X I D E A S

Using creativity to transform ideas into innovation

Challenges Part 1

By Jorge • Oct 29th, 2007 • Category: Business Strategies, Innovation, Inspiration, Strategies, Techniques

This is the first part of a 4 part series of articles regarding challenges.

Imagine 5 brilliant entrepreneurs sitting down to consider new ideas. They can’t get started until someone proposes something. But where does the proposal come from? How do they decide what problem to solve? Who decides the focus? How do they determine the goals? If they try to come up with new ideas without having a specific goal, they could consume an infinite amount of time with no purpose.

Before you start looking for ideas, you need to know what your goal is. A problem is nothing more than opportunity in work clothes. A successful businessperson pays attention to problems, converting the problems into opportunities and deciding which opportunities are worth pursuing. These opportunities become productive challenges.

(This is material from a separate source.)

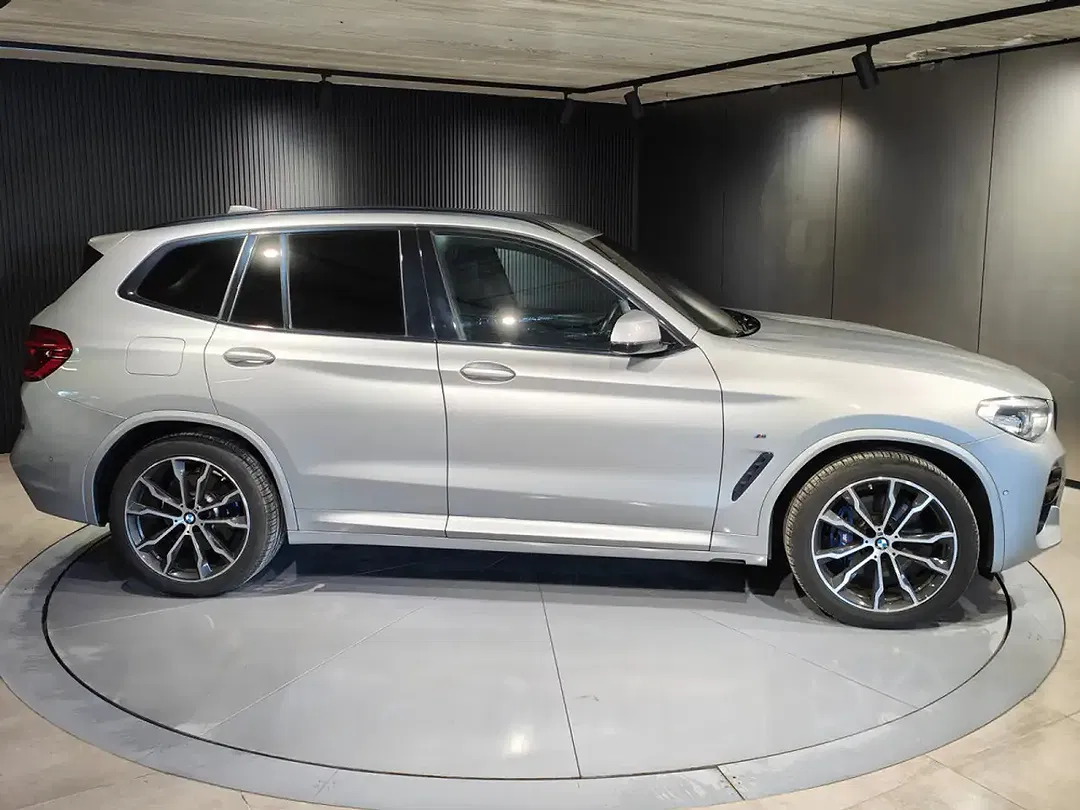 BMW X3 - Thumbnail 2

Anyone can learn how to pay attention. As a focusing exercise, select a color at random and spend an entire day looking for items that are that color or contain it. For instance, if you choose red you will discover an incredible number of red objects: cars, books, clothes, houses, shoes, hats, etc. Familiar objects will become new again, reds will become richer and you will find that your perspective toward “red” has been dramatically changed. By tuning in “red” and tuning out other colors, you allowed to understand the color red more deeply.

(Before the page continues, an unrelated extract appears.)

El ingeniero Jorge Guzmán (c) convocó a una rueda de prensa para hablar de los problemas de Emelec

Unless you set your business problems down in writing, your attention is constantly shifting and you become indecisive about what you should focus on. Listing problems in a way for you to decide which ones are worth solving. It transforms a body of information into a set of components that can be restructured, checked and searched. Start keeping a journal of problems that you find to be personally interesting and that would be worthwhile to resolve. The following questions may help you get started:

  • What would you like to have or to accomplish?
  • What business idea would you like to work on?
  • What do you wish would happen in your job?
  • What business relationship would you like to improve?
  • What would you like to do better?
  • What do you wish you had more time to do?
  • What more would you like to get out of your job?
  • What are your unfulfilled goals?
  • What excites you in your work?
  • What angers you at your work?
  • What misunderstandings do you have at work?
  • What have you complained about?
  • What changes for the worse do you see in the attitudes of others?
  • What would you like to get others to do?
  • What changes would you like to introduce?
  • What takes too long?
  • What is wasted?
  • What is too complicated?
  • Where are the bottlenecks?
  • In what ways are you insufficient?
  • What wears you out?
  • What in your job turns you off?
  • What would you like to organize better?
  • In what ways could you make more money at work?
  • The mere act of writing a challenge may trigger your mind to create something meaningful to fill in the gaps and solve it.